WHAT TO WORK ON: There is one span to output from the data below: the lines starting at the line with "2020 Heritage Auct..." and ending at the line with "Mock-up-tablette mit abstrakten". Output it exactly, ends included, nothing more.

MATERIALS PROVIDED:
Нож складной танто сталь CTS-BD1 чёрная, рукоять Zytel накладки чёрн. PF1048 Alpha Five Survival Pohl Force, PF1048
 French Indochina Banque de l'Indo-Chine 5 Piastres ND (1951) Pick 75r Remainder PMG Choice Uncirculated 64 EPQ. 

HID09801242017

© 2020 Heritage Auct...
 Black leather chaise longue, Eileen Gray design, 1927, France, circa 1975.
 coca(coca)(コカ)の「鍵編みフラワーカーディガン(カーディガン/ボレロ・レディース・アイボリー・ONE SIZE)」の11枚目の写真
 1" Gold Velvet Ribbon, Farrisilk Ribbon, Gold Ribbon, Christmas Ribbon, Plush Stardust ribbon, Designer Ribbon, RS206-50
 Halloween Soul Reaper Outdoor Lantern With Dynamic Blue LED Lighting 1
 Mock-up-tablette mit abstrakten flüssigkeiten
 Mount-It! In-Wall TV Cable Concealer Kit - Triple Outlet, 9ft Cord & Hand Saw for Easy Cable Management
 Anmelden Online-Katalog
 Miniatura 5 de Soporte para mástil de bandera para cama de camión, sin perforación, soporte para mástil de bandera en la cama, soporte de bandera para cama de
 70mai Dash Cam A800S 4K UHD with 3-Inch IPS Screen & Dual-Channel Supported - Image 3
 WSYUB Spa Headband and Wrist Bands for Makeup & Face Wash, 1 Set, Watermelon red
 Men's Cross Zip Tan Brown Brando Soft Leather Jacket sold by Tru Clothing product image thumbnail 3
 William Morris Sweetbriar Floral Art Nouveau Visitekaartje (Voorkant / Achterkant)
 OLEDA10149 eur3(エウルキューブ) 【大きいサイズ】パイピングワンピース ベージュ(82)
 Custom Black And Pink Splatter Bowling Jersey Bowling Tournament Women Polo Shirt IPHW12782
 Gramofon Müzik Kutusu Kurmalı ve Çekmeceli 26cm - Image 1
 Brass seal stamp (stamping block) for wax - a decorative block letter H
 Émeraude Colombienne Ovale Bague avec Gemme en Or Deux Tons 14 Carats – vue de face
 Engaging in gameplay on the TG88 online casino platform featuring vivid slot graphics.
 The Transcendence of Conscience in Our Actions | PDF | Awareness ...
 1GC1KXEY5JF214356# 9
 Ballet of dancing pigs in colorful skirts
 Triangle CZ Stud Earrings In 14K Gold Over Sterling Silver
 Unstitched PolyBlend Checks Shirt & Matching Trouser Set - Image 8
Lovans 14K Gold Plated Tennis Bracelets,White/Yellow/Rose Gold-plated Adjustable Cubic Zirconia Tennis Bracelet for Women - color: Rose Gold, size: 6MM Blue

SOLUTION TO THIS PROBLEM:
© 2020 Heritage Auct...
 Black leather chaise longue, Eileen Gray design, 1927, France, circa 1975.
 coca(coca)(コカ)の「鍵編みフラワーカーディガン(カーディガン/ボレロ・レディース・アイボリー・ONE SIZE)」の11枚目の写真
 1" Gold Velvet Ribbon, Farrisilk Ribbon, Gold Ribbon, Christmas Ribbon, Plush Stardust ribbon, Designer Ribbon, RS206-50
 Halloween Soul Reaper Outdoor Lantern With Dynamic Blue LED Lighting 1
 Mock-up-tablette mit abstrakten flüssigkeiten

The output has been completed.